The closure of the Paleotethys ocean in the Tethyan orogenic belt in northeastern (NE) Iran, related to the collision between Gondwana-derived terranes in the south and Laurasia in the north, remains controversial due to the sparsity of Paleozoic ophiolitic outcrops but can be constrained by contemporaneous granitoids. The Late Triassic Torbat e Jam stock in NE Iran is composed of three intrusive suites: (1) the oldest gabbro to quartz diorite intruded at 215.5 ± 0.9 Ma; (2) granodiorite to monzonite; and (3) the youngest granite to alkali granite. All three suites are metaluminous to moderately peraluminous with enrichment in LILE, low LREE/HREE fractionation with (La/Yb)N = 8.4–13.6, and small negative Eu anomalies. The Torbat e Jam stock without primary magnetite is characterized by very low magnetic susceptibility (5 × 10−5 to 6 × 10−4 SI unit), indicative of the I-type granitoids. Zircon Hf isotopic compositions show positive εHf(t) values of +2.6 to +5.7, indicative of a predominantly mantle source with minor crustal contamination. Hf model ages are consistent with the presence of Neoproterozoic juvenile sources (TDMC = 0.88 to 1.09 Ga).
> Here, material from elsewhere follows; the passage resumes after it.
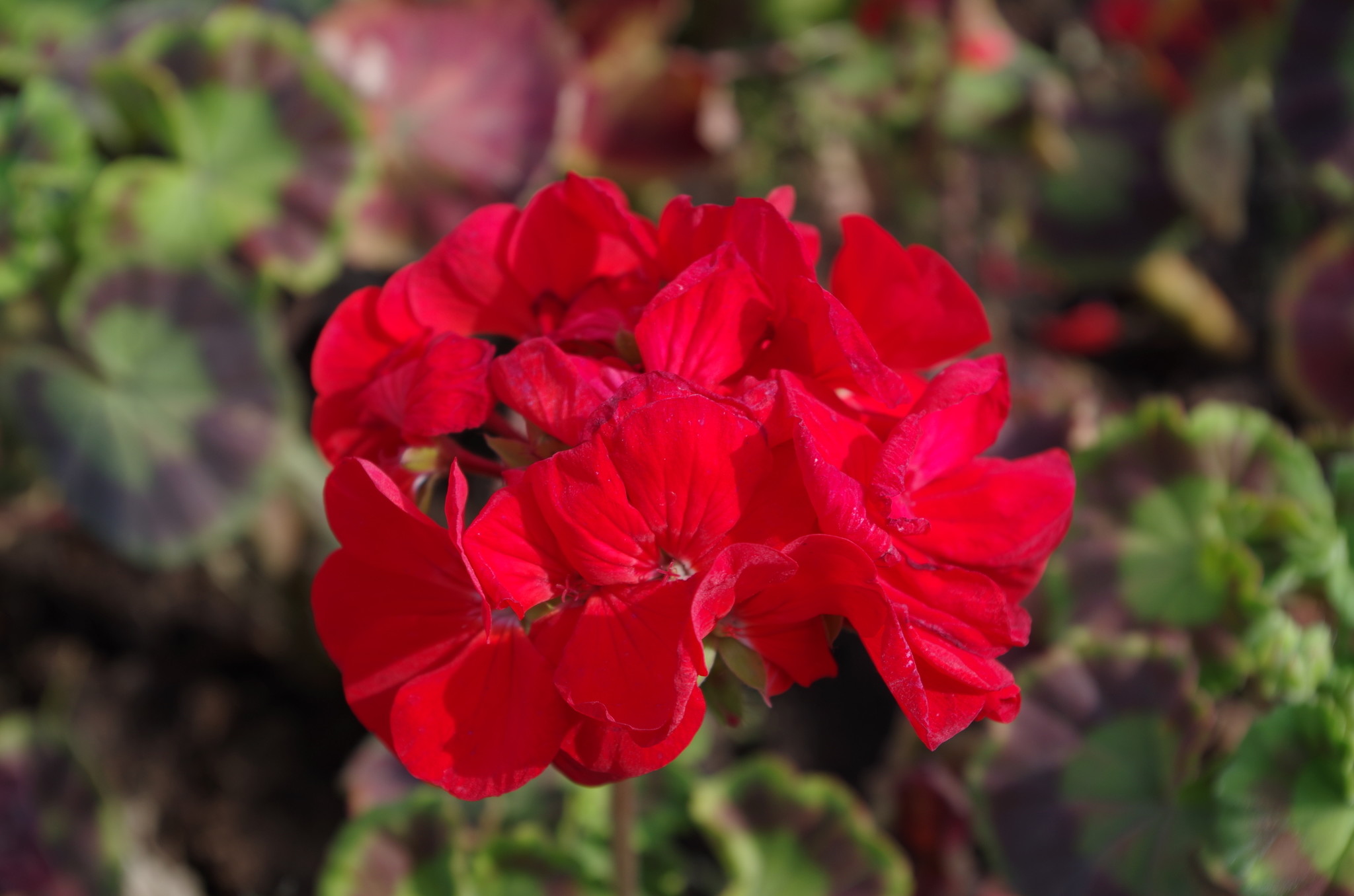 Герань (Geranium)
These geochemical data and field relationships suggest that the Torbat e Jam stock formed in a late orogenic to post-collisional tectonic setting after the closure of a secondary Paleotethys ocean (Paleotethys II), which opened as an oceanic trough during the Late Palaeozoic in the Iranian block, and closed in the Late Permian-Early Triassic Indosinian orogeny.